▶ [Exercise] Could you reproduce the lines below from the one with "Elie Saab Le Parfum Eau de Parfum 90ml" through the one with "Продажа 2-комнатной квартиры, 53"? Keep both ends and add nothing.

▶ [Entries supplied]

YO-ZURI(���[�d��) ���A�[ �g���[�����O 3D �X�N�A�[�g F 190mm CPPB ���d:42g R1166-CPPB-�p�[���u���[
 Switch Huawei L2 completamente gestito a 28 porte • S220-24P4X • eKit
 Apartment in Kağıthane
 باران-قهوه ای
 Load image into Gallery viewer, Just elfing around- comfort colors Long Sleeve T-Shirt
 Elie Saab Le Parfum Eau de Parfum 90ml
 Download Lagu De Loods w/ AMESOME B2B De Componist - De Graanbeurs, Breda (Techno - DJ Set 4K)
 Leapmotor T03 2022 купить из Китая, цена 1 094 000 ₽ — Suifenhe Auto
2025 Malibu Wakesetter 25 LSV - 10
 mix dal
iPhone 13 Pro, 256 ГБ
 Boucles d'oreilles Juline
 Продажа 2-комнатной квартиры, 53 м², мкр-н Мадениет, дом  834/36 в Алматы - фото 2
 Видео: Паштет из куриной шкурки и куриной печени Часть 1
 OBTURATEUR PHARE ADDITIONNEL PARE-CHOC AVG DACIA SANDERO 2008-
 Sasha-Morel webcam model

▶ [Result of this exercise]
 Elie Saab Le Parfum Eau de Parfum 90ml
 Download Lagu De Loods w/ AMESOME B2B De Componist - De Graanbeurs, Breda (Techno - DJ Set 4K)
 Leapmotor T03 2022 купить из Китая, цена 1 094 000 ₽ — Suifenhe Auto
2025 Malibu Wakesetter 25 LSV - 10
 mix dal
iPhone 13 Pro, 256 ГБ
 Boucles d'oreilles Juline
 Продажа 2-комнатной квартиры, 53 м², мкр-н Мадениет, дом  834/36 в Алматы - фото 2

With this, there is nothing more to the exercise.